Christy Coleman, Chief Executive Officer of the American Civil War Museum, used to live in Detroit, where she worked as CEO of the Charles H. Wright Museum of African-American History.
Coleman, recently named by Time magazine as one of the top 31 people changing the South, remembers a special guest who often came to the museum: the Queen of Soul, Aretha Franklin, who died today at 76 in Detroit.
"She loved Detroit, that was her hometown. She was always everywhere like a regular person," says Coleman. "When I worked at the museum she was a frequent visitor."
Coleman says that she expects Franklin's funeral will be one of the largest in the city's history, and that her former museum will likely do something in her honor.
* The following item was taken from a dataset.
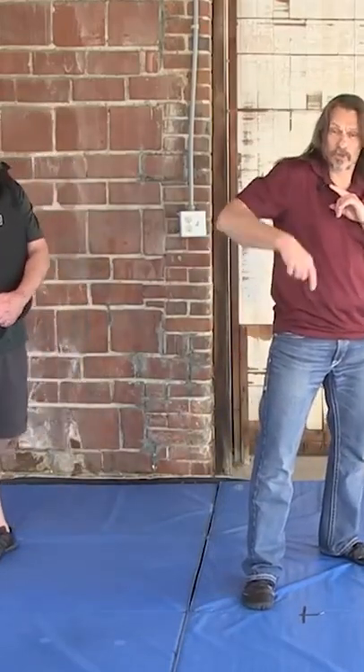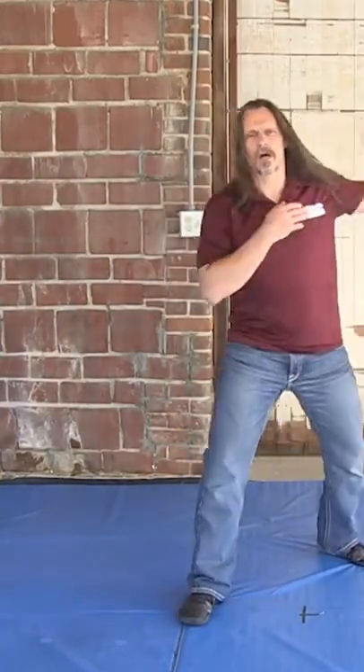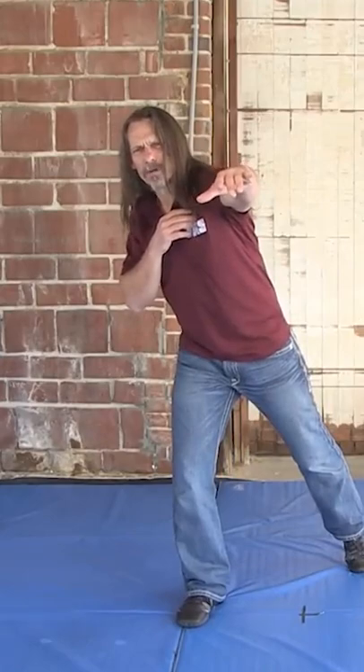Basically, think about taking an outside step with your lead foot — or your lead foot if you're a lefty — going to the outside. At the same time you're doing that, you're throwing a long, looping, kind of overhand, looping hook.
"At that time the Charles Wright Museum was the largest African-American museum in the country. We had a lot of celebrities come through," she recalls. "Aretha was very down-to-earth. At the same time she was a no-nonsense kind of person. 'Just show me what's going on, don't give me all that froo-froo, but show me my respect.' You had to be real with her, but at the same time you had to be respectful that you were in the presence of the Queen [laughs]."
Coleman says that people were more than willing to bow down.
"Aretha was really a lovely woman," she says. "She could be very funny. And she was definitely one of our favorites we got to meet."